薄桜鬼箱舘時代

□土方の涙(明治二年一月)
1ページ/9ページ

19萬打御礼アンケート話
土方の涙(明治二年一月)1


「おはよう雪村くん。」
「あ‥‥大鳥さん。おはようございます。」

極寒の地であっても常に陽だまりのような笑顔をみせる男と、男装ながらつぼみを開き始めたばかりの可憐な花のような少女が、穏やかに朝の挨拶を交わしている。

ここは五稜郭。
彼らは蝦夷共和国陸軍奉行大鳥圭介と、陸軍奉行並土方歳三付きの小姓雪村千鶴である。

「あれ?‥土方君は留守かい?」
「ええ、先程『ぶりゅね』さんのところに‥‥今お茶を淹れますね。」
「ああ‥お構いなく。」

共和国軍の軍事顧問の名前を発音し辛そうに口にしながら、千鶴はすぐさまお茶を淹れる準備を始めた。

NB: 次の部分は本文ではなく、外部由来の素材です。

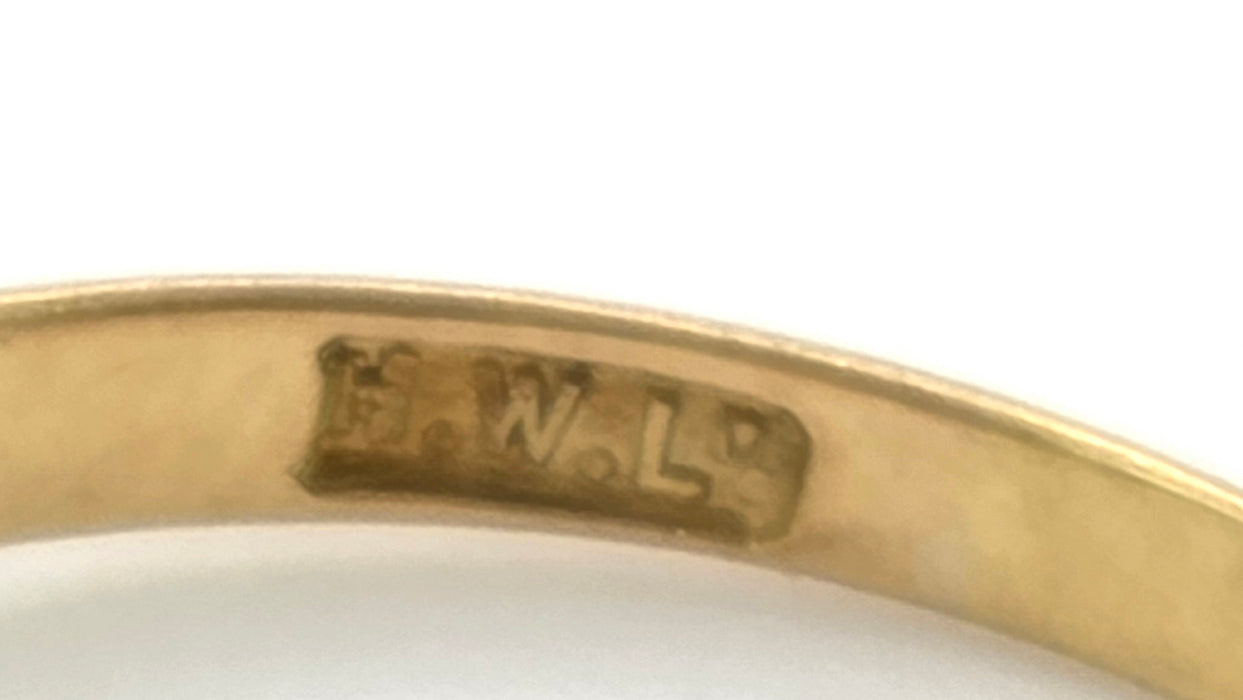 2883: Antique: 18ct Gold Ruby Diamonds Boat Ring- From 1918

大鳥がここに来る理由の三割は本当に土方に用があるときなのだが、あとの七割は千鶴の淹れるおいしいお茶が目当てといっても過言ではない。
千鶴はそのあたりをちゃんと心得ている。
馴れた手つきで鉄瓶から急須に熱いお湯を注ぐと、たちまち茶の芳香が部屋中に漂い始めた。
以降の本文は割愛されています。